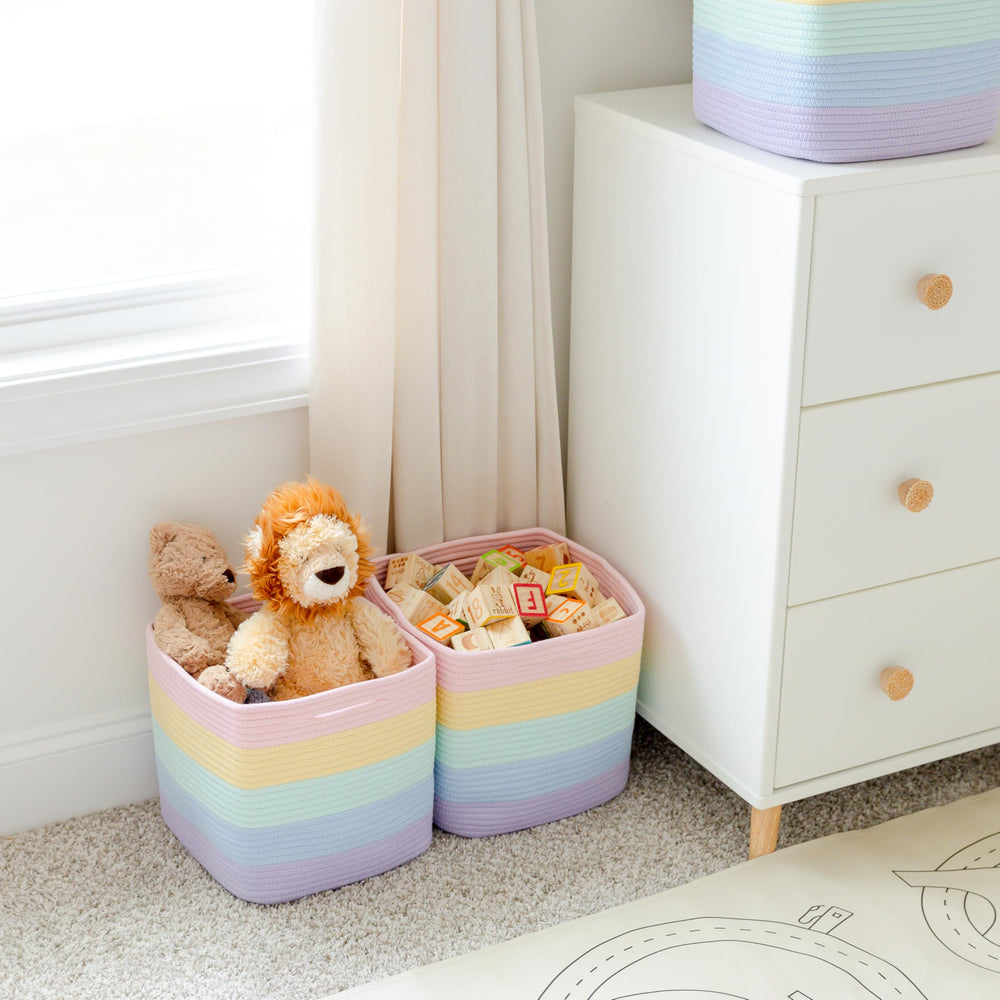 NaturalCozy 11-inch cotton rope cubes used for classroom storage and organization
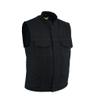 Leatherick Mens SOA Black Denim Motorcycle Vests Bikers Club Vest with Concealed Carry Pockets (as1, alpha, x_l, regular, regular, With Collar) view 1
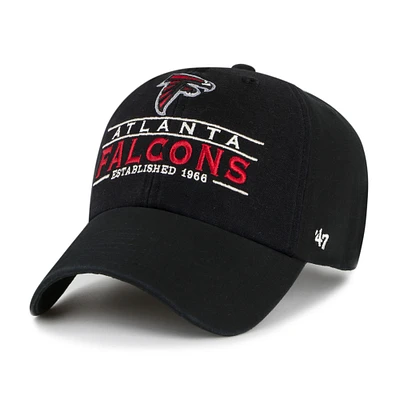 Men's '47  Black Atlanta Falcons Vernon Clean Up Adjustable Hat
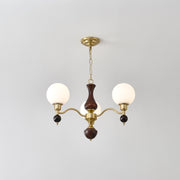 Globe Orb Wood Chandelier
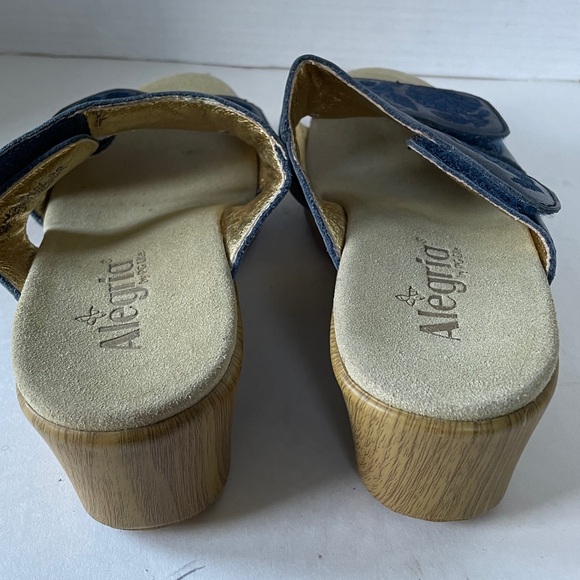 Alegria Lin 622 Leather Blue Floral Clog Sandals Size 38 - Picture 6 of 10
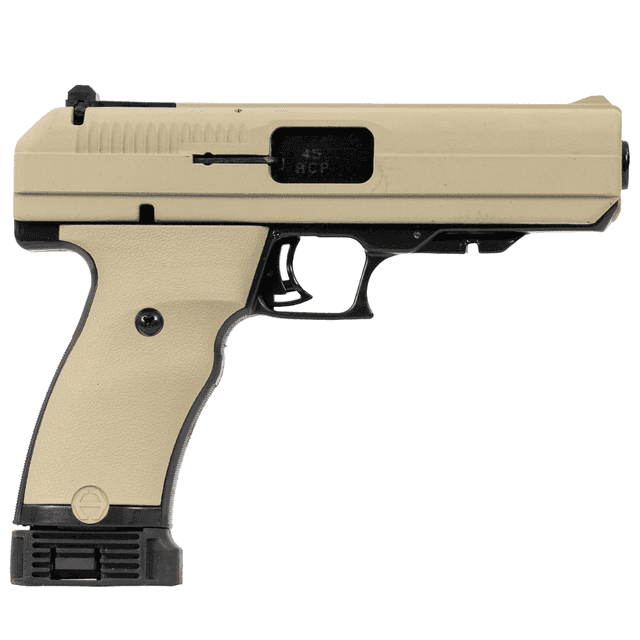 Hi-Point JHP .45 ACP - 9+1, 4.50" Black Steel Barrel, Flat Dark Earth Serrated Steel Slide & Polymer Frame, FDE Grip - 34510FDE Hi-Point JHP .45 ACP - 9+1, 4.50" Black Steel Barrel, Flat Dark Earth Serrated Steel Slide & Polymer Frame, FDE Grip - 34510FDE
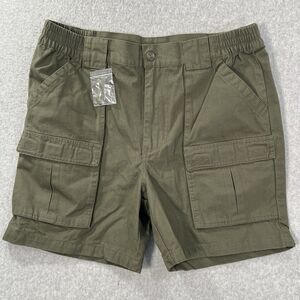 Guide Series mens olive green cargo camp shorts size 34 solid flat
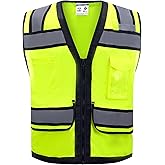 sesafety Hi Vis Safety Vest with Pockets and Zipper,Reflective Class 2 Safety Vest for Men, Neon Lime, 2XL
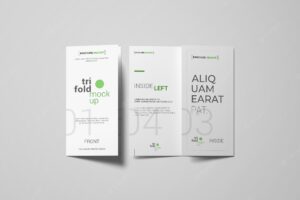 Two trifold brochure or invitation mockups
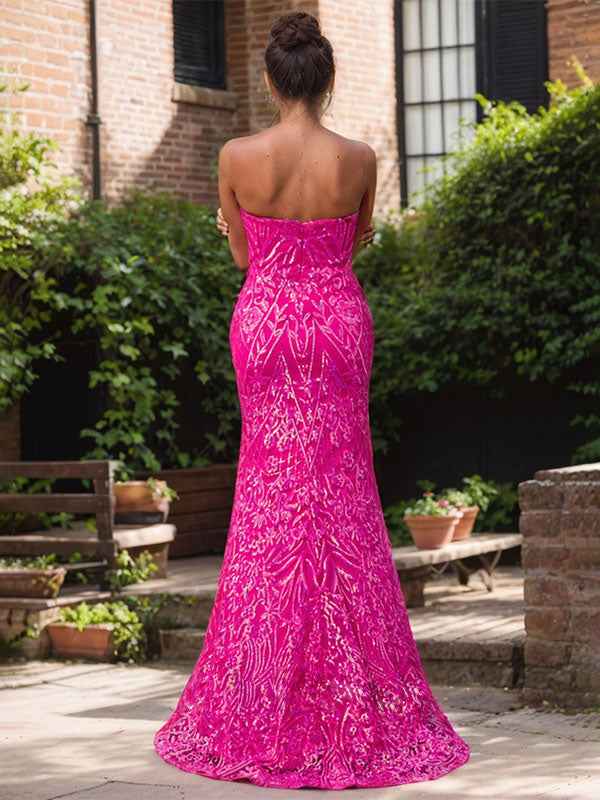 Elegant Fuchsia Strapless Sequin Gown With High Slit
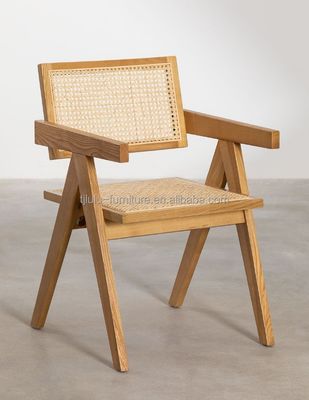 Inicio Muebles de madera sólida nórdica silla de comedor de ratán para muebles de hotel y sala de estar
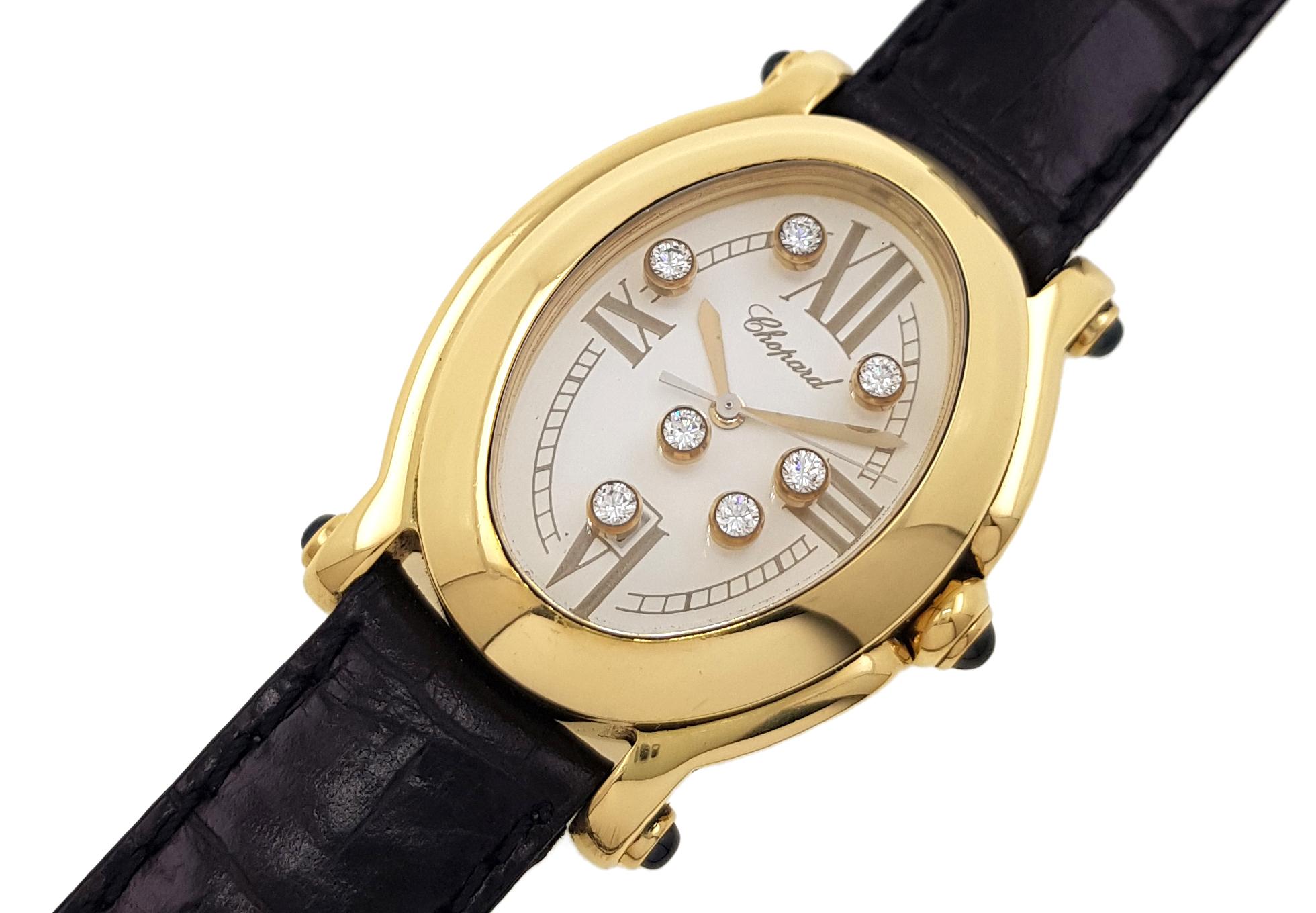 Brilliant Cut Chopard Happy Sport Oval Date 7000 Jewelry Diamonds Sapphires18k Gold 27/7000-23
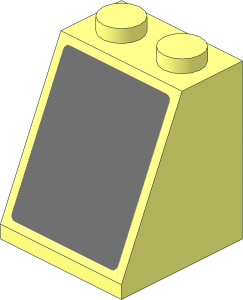 Slope Brick 65  2 x  2 x  2 with Centre Tube with Dark Bluish Grey Sticker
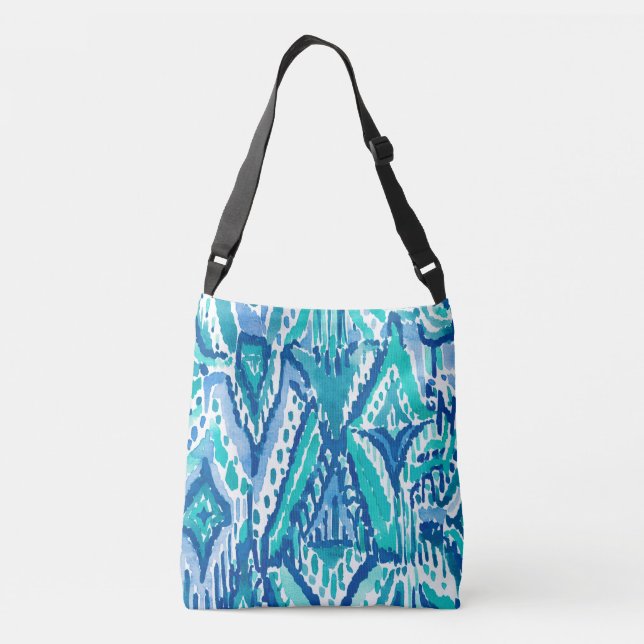Bolso Cruzado Impresión tribal de la acuarela de la franja de (Reverso)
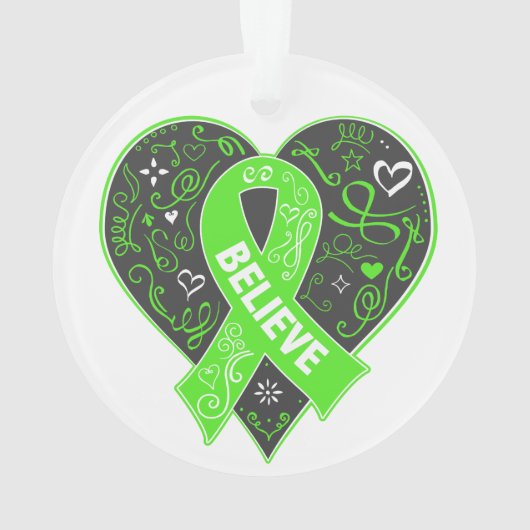Non-Hodgkins Lymfoom Believe Ribbon Heart Ornament (achterkant)
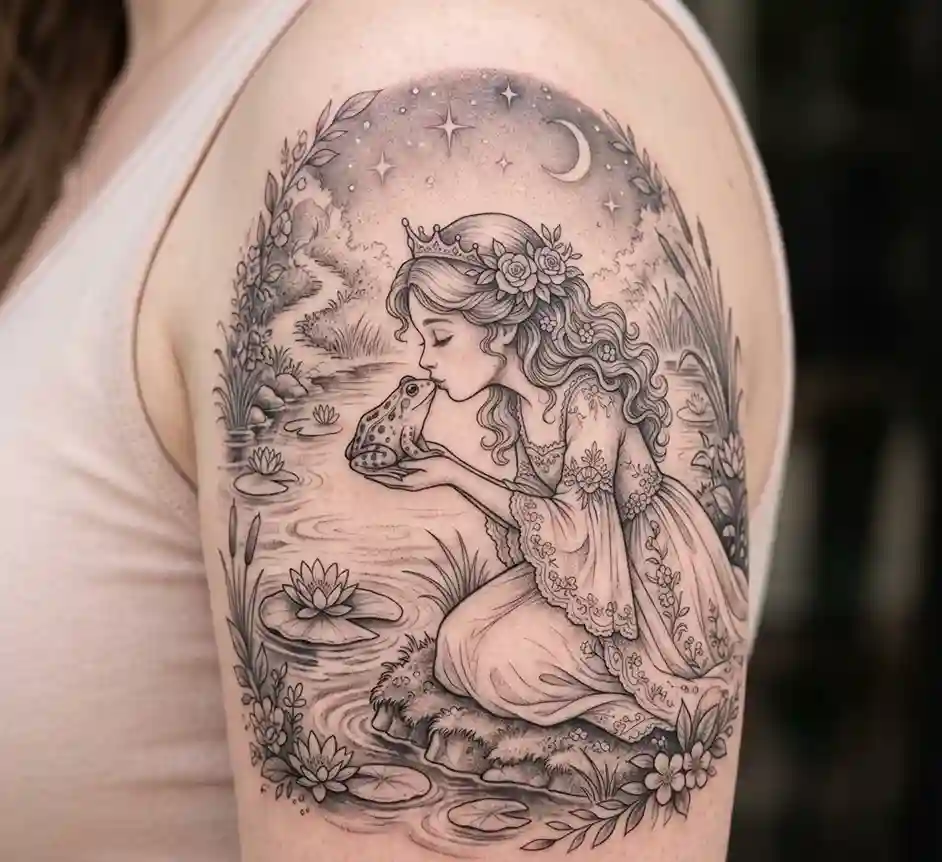 Princess Kissing the Frog Tattoo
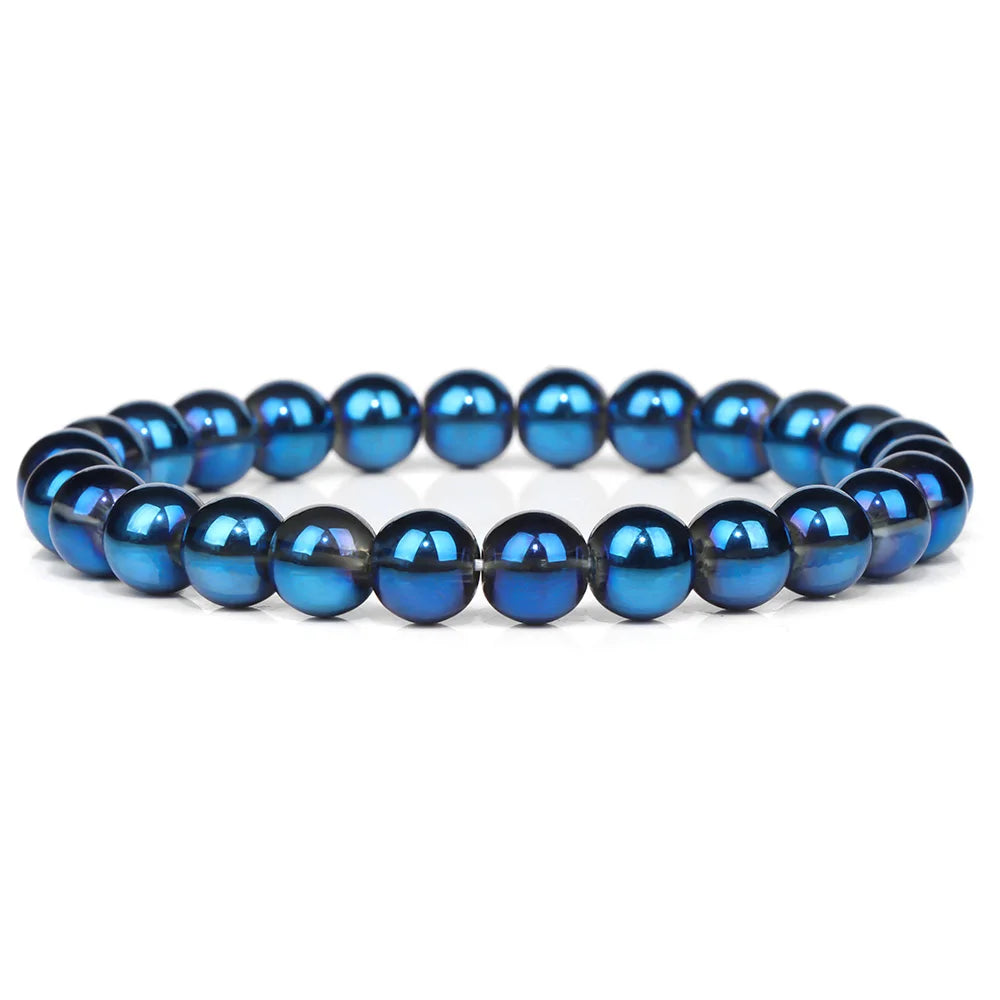 Tejesa Blue Flash Stone Bracelets For Men Crystal Glass Moonstone Couple Bracelets For Women Cat Eye Chalcedony Opal Handmade Bangles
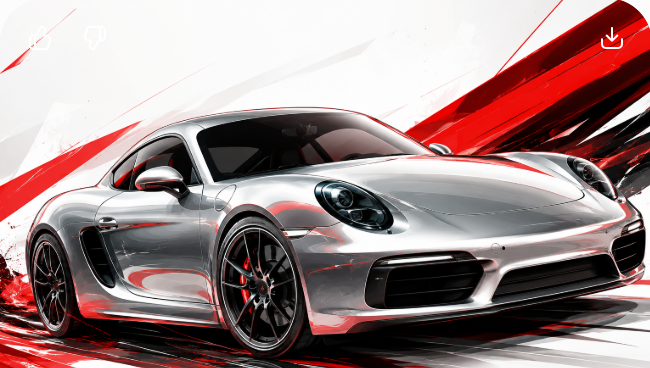 Illustrated Porsche Cayman/Boxster sports car, JP-Time.Club house-style artwork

*Task details*:
Starting with the line above that holds "Two trifold brochure or invitation mockups", restate each line word for word up to and including the line that holds "Brilliant Cut Chopard". Drop the pictures.

*Response*:
 Two trifold brochure or invitation mockups
 Elegant Fuchsia Strapless Sequin Gown With High Slit
 Inicio Muebles de madera sólida nórdica silla de comedor de ratán para muebles de hotel y sala de estar
 Brilliant Cut Chopard Happy Sport Oval Date 7000 Jewelry Diamonds Sapphires18k Gold 27/7000-23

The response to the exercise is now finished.